● Instructions for the task: Could you set down exactly the lines in the records below between the line holding "A modern living" and the line holding "A journalist uses", inclusive?

Saved data entries
• • • •

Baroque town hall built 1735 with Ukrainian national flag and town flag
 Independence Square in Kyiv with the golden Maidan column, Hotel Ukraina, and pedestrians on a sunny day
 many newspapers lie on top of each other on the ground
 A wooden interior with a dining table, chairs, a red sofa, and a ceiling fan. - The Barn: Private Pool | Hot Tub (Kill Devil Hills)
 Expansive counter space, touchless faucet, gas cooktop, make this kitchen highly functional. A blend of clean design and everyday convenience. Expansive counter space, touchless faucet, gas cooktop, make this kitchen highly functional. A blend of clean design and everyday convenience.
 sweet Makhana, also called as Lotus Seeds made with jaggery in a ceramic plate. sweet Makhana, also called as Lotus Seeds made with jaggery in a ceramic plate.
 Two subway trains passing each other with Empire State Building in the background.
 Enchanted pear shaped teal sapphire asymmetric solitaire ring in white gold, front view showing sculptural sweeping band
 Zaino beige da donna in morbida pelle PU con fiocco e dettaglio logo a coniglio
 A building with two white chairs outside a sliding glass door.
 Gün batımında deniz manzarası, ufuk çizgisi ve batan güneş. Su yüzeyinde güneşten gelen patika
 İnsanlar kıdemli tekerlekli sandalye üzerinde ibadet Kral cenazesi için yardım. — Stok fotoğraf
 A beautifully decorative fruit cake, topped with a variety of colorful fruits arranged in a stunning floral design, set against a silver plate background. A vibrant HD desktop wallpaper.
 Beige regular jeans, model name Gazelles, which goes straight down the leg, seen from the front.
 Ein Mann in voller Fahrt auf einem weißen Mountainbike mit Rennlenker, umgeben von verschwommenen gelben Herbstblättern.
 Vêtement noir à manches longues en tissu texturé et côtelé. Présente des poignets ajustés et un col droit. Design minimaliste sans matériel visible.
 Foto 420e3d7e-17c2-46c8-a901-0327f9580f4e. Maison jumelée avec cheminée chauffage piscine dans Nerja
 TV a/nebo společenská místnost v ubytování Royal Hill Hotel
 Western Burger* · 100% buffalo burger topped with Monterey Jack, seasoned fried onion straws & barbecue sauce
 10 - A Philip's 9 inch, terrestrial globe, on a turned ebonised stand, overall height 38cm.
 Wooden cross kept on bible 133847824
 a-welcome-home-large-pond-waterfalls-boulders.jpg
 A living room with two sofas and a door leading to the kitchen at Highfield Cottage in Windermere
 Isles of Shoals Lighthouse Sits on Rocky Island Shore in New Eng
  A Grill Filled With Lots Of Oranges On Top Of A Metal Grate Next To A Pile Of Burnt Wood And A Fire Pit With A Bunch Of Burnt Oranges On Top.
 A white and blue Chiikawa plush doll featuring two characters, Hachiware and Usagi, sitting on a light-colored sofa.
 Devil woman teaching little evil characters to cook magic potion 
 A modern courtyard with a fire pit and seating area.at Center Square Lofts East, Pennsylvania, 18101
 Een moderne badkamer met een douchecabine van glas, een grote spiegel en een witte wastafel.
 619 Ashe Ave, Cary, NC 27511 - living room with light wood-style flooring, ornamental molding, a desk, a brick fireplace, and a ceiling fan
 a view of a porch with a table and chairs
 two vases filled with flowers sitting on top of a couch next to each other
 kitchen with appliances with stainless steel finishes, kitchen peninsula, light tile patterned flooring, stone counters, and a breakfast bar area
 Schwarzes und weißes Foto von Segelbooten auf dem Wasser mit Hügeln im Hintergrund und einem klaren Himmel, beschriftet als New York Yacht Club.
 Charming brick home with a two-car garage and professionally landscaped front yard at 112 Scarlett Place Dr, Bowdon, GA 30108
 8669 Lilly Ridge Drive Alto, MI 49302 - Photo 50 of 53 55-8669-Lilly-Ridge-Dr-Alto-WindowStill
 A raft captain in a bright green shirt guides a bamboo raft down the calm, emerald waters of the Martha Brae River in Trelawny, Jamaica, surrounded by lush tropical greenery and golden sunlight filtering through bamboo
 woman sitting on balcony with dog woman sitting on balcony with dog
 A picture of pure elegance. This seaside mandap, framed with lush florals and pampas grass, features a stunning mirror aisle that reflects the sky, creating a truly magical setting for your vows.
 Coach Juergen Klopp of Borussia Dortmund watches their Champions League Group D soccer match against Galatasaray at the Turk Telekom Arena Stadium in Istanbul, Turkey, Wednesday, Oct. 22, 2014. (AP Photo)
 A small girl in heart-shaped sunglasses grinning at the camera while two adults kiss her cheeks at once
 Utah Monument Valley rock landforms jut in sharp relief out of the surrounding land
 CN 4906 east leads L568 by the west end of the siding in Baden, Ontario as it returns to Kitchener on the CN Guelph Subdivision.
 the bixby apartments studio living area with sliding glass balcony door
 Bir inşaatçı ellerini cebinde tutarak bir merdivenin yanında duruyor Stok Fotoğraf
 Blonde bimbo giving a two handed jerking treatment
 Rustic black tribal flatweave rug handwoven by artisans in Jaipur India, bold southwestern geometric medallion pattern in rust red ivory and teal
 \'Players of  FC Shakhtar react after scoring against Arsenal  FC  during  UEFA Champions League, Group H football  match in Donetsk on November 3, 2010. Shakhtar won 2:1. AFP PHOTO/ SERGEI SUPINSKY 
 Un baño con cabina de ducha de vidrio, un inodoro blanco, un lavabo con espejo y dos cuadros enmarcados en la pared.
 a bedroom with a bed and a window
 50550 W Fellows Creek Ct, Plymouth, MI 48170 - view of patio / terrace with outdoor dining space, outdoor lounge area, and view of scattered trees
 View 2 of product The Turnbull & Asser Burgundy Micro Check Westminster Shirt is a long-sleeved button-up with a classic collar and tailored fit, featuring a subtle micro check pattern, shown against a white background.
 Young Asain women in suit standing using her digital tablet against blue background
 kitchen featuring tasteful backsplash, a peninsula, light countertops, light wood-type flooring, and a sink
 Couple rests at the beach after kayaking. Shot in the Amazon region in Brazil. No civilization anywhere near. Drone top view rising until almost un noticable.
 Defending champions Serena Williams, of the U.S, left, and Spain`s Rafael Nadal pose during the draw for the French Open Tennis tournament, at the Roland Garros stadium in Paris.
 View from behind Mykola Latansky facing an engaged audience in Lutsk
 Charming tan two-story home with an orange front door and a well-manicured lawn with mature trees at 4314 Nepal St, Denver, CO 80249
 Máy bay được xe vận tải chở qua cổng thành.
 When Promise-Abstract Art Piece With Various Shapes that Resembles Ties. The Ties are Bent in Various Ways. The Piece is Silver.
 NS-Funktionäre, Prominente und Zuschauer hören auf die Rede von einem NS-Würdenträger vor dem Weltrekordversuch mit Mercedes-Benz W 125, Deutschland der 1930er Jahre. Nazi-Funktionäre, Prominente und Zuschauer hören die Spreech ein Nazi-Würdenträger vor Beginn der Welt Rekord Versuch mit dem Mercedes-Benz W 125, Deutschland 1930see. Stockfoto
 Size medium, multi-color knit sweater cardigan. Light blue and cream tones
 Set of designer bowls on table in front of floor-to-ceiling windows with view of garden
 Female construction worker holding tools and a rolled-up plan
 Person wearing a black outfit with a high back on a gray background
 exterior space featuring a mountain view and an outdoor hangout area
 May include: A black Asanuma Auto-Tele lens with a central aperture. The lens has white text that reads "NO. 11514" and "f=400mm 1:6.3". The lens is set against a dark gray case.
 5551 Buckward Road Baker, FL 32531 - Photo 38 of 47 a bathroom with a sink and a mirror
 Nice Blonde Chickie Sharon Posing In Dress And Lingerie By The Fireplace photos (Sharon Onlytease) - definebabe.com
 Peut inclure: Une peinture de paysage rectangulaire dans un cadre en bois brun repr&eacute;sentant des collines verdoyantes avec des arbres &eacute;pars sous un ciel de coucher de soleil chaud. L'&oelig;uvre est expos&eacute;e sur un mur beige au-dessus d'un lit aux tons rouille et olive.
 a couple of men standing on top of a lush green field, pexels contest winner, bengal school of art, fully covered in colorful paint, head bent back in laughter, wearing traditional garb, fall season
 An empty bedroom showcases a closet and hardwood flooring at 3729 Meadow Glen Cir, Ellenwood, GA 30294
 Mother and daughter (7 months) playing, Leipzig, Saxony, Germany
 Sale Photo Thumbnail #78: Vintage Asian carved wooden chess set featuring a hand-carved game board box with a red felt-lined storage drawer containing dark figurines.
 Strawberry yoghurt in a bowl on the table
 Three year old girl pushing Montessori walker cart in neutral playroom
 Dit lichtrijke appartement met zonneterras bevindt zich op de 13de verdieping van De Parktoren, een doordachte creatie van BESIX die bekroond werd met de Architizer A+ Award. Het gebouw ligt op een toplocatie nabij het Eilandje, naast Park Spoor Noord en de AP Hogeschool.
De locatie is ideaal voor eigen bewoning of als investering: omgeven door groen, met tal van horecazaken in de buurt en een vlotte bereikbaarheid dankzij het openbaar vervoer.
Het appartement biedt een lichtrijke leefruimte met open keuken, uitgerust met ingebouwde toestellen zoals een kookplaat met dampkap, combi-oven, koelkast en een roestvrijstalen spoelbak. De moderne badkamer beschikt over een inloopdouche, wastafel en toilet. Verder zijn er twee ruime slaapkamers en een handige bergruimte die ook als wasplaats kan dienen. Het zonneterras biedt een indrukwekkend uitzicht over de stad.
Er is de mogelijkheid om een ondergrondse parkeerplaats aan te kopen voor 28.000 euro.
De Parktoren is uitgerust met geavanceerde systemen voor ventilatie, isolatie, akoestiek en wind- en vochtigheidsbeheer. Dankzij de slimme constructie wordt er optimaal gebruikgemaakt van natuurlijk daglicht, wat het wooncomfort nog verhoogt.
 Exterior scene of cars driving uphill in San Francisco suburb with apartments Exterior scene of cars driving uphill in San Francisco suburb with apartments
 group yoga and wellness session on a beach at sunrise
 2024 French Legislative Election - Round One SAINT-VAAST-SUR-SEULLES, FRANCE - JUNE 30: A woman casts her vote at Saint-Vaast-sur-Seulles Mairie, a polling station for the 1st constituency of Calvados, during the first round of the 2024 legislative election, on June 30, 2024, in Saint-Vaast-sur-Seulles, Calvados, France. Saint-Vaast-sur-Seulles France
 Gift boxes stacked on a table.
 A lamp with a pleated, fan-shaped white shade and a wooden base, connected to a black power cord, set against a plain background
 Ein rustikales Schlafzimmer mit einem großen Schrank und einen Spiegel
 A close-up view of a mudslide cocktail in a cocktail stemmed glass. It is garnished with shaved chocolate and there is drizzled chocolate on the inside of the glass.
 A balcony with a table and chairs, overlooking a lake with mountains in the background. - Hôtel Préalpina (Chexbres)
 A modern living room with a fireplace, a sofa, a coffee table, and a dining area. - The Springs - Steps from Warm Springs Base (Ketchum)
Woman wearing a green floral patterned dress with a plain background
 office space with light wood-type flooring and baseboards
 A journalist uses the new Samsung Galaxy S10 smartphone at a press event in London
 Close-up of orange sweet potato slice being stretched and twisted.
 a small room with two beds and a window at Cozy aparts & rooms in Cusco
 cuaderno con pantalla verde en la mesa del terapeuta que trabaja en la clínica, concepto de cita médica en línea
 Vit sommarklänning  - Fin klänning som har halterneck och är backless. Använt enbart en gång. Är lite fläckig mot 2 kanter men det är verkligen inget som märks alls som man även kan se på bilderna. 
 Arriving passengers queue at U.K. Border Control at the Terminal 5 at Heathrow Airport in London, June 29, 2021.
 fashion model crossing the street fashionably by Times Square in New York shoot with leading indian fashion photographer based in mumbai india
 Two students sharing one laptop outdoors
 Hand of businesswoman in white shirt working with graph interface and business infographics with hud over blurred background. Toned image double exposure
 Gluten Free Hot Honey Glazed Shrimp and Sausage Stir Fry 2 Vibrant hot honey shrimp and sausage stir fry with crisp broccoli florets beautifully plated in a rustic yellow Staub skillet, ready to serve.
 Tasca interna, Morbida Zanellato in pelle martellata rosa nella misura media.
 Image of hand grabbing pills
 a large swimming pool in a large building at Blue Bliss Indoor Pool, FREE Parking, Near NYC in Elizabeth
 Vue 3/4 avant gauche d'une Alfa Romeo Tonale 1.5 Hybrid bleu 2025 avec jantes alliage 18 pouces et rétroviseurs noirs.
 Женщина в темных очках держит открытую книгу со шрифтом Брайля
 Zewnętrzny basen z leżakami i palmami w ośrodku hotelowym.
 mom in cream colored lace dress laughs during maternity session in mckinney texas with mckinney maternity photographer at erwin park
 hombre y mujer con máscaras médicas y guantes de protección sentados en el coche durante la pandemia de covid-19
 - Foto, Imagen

• • • •

● Your solution:
 A modern living room with a fireplace, a sofa, a coffee table, and a dining area. - The Springs - Steps from Warm Springs Base (Ketchum)
Woman wearing a green floral patterned dress with a plain background
 office space with light wood-type flooring and baseboards
 A journalist uses the new Samsung Galaxy S10 smartphone at a press event in London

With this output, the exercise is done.